Variants like the modified Valsalva maneuver (used for supraventricular tachycardia) and reverse Valsalva maneuver (to increase vagal tone) extend its clinical applications. The procedure is also used in diagnostics (eg, heart murmurs, varicocele, liver hemangiomas), surgical procedures (eg, neurosurgery and TEVAR), and labor management. Though generally safe, the Valsalva maneuver should be used cautiously in patients with conditions like coronary artery disease or retinopathy, as it can occasionally induce syncope, arrhythmias, or Valsalva retinopathy. Optimal testing conditions include performing VM at 40 mm Hg for 15 seconds, with patient positioning (eg, supine, sitting, or recumbent) adjusted based on context.
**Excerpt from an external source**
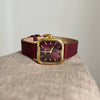 Women's Retro Fashionable Metal Leather Watch With Round Dial And Spiral Crown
History of the Valsalva Maneuver
Valsalva maneuver was first described in 1704 by Antonio Maria Valsalva, an Italian physician, in his work De Aure Humana Tractatus.[1][2] Antonio Valsalva originally described using this maneuver to effectively drain purulent fluids from the middle ear cavities through perforations and expulsion of foreign bodies from the ear. In 1850, Eduard Friedrich and Ernst Heinrich Weber reported a Valsalva-induced blackout. While performing a Valsalva maneuver on himself, Weber experienced bradycardia and loss of consciousness.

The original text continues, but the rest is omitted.